[Stored data]
────────────────
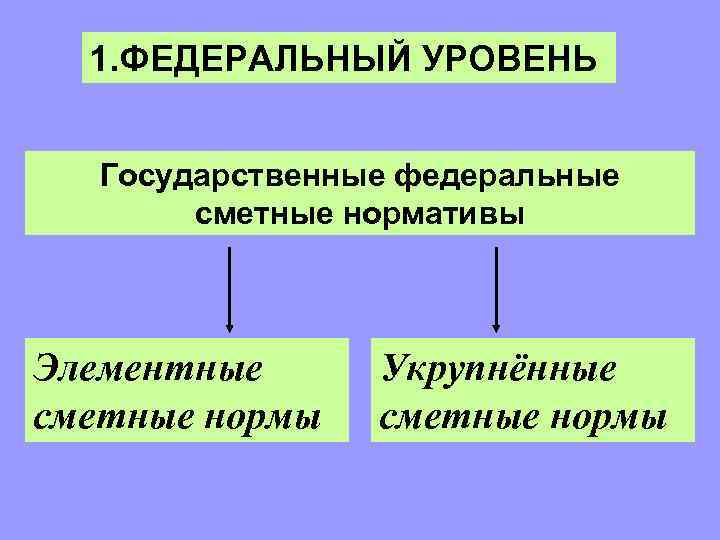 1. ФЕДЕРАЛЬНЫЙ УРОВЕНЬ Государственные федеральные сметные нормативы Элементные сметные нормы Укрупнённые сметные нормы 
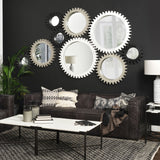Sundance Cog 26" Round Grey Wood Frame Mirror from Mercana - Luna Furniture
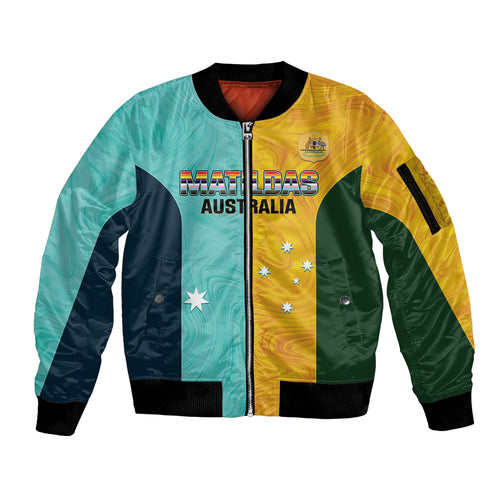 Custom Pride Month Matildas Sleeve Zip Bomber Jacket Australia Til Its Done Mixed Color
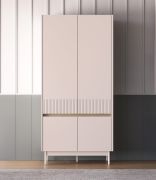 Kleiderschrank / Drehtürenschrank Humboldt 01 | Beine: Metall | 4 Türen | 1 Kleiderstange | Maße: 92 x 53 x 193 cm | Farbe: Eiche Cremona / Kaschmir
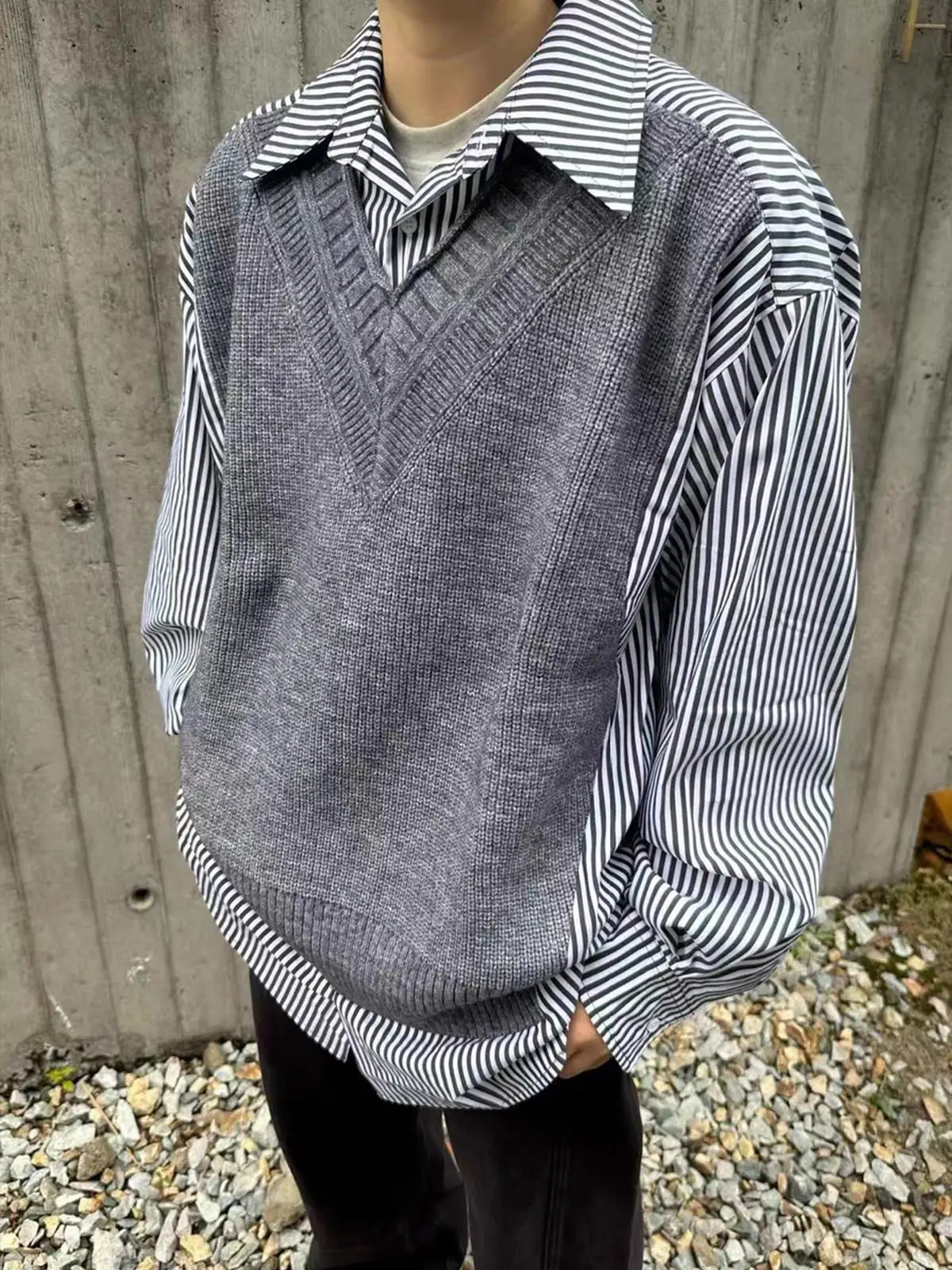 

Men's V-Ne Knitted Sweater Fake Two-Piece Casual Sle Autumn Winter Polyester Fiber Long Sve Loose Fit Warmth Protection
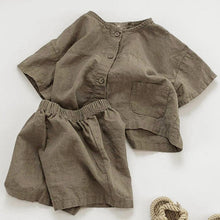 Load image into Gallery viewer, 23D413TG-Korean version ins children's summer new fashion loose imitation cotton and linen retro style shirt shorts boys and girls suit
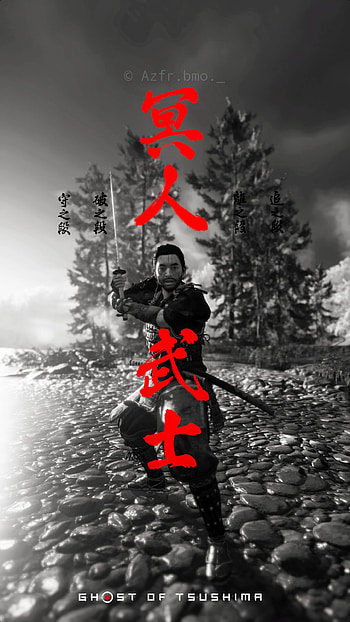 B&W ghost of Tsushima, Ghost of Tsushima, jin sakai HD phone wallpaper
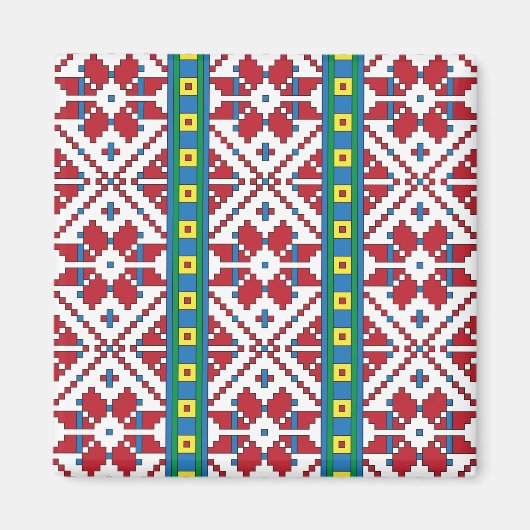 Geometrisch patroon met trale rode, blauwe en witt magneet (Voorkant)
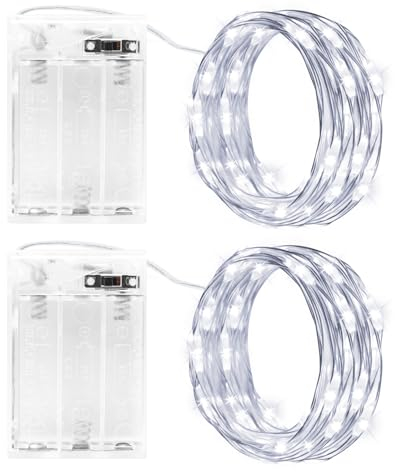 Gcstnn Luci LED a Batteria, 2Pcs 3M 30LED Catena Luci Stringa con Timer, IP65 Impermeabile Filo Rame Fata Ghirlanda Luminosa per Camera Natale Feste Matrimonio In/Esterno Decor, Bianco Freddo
────────────────
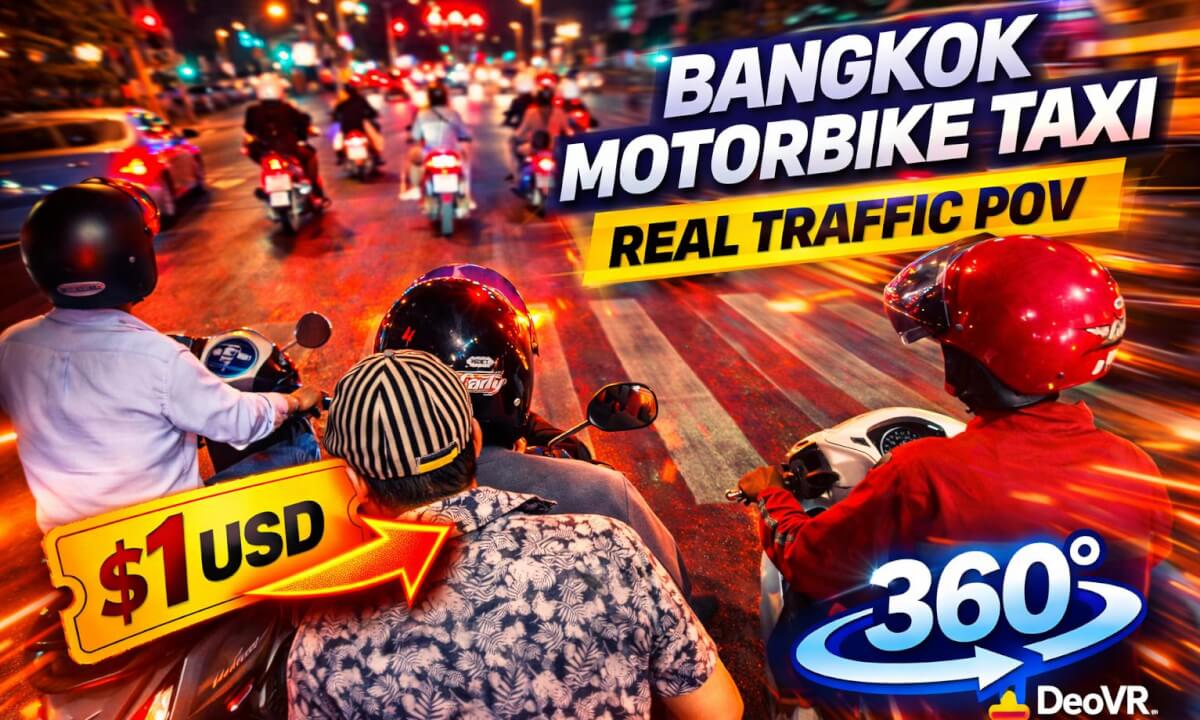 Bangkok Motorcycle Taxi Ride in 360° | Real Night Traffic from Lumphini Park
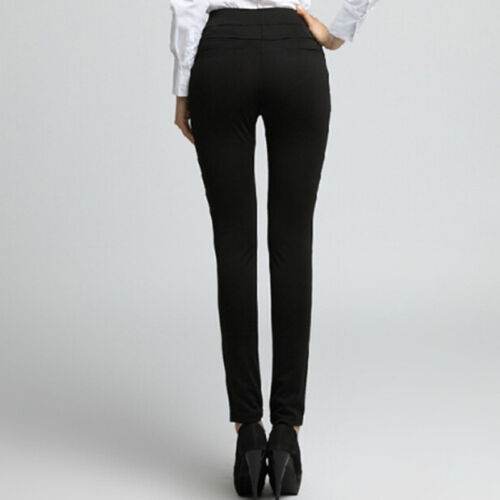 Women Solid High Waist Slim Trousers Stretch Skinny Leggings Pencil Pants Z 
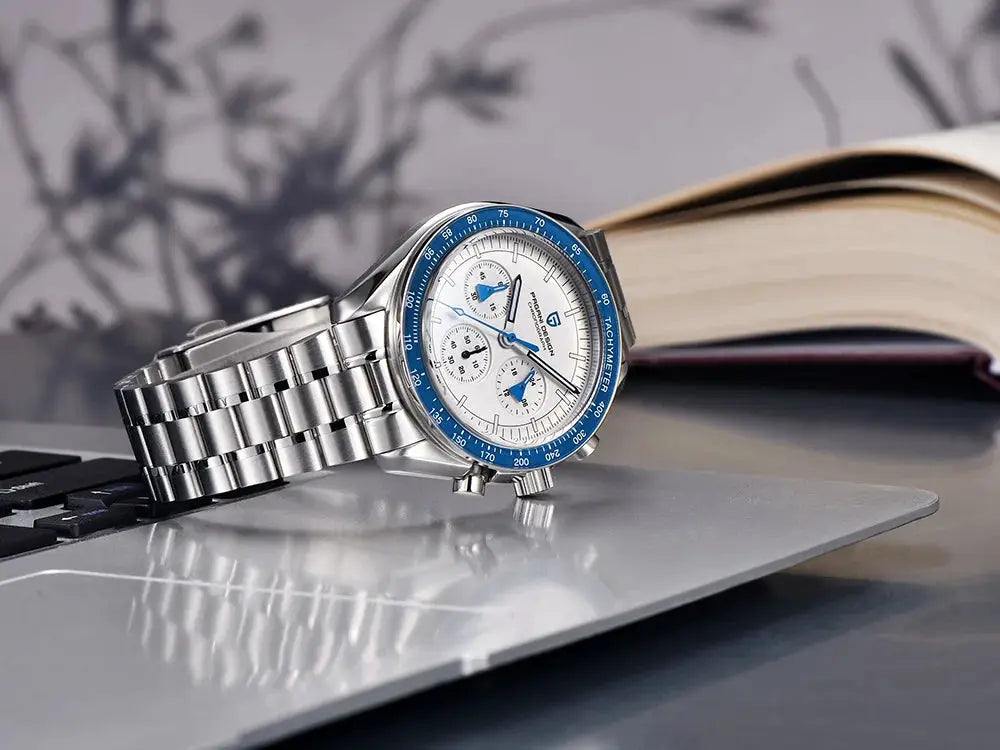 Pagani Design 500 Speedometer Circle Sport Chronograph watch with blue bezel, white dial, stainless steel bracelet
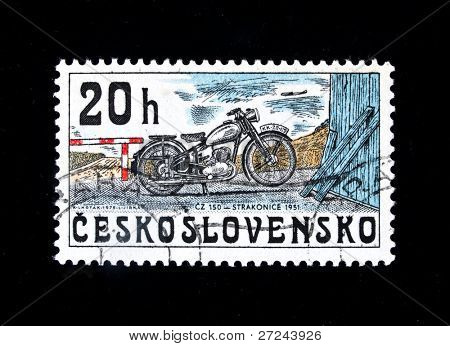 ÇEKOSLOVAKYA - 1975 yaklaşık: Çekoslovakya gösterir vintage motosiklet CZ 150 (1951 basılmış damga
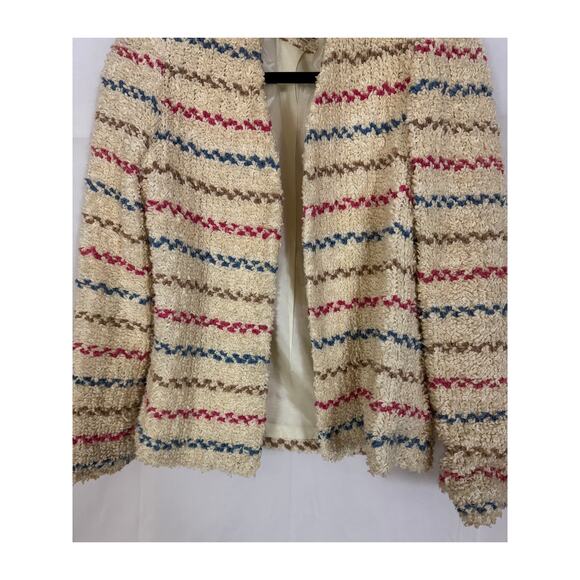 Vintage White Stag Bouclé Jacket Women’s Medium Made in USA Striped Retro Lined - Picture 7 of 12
────────────────
- **TASK DETAILS**:
Treat the line with "Kleiderschrank / Drehtürenschrank" as the start and the line with "Geometrisch patroon met" as the end, and return exactly that span of the data above, both ends included, without pictures.

- **RESPONSE TO THE EXERCISE**:
 Kleiderschrank / Drehtürenschrank Humboldt 01 | Beine: Metall | 4 Türen | 1 Kleiderstange | Maße: 92 x 53 x 193 cm | Farbe: Eiche Cremona / Kaschmir

Men's V-Ne Knitted Sweater Fake Two-Piece Casual Sle Autumn Winter Polyester Fiber Long Sve Loose Fit Warmth Protection
 Load image into Gallery viewer, 23D413TG-Korean version ins children's summer new fashion loose imitation cotton and linen retro style shirt shorts boys and girls suit
 B&W ghost of Tsushima, Ghost of Tsushima, jin sakai HD phone wallpaper
 Geometrisch patroon met trale rode, blauwe en witt magneet (Voorkant)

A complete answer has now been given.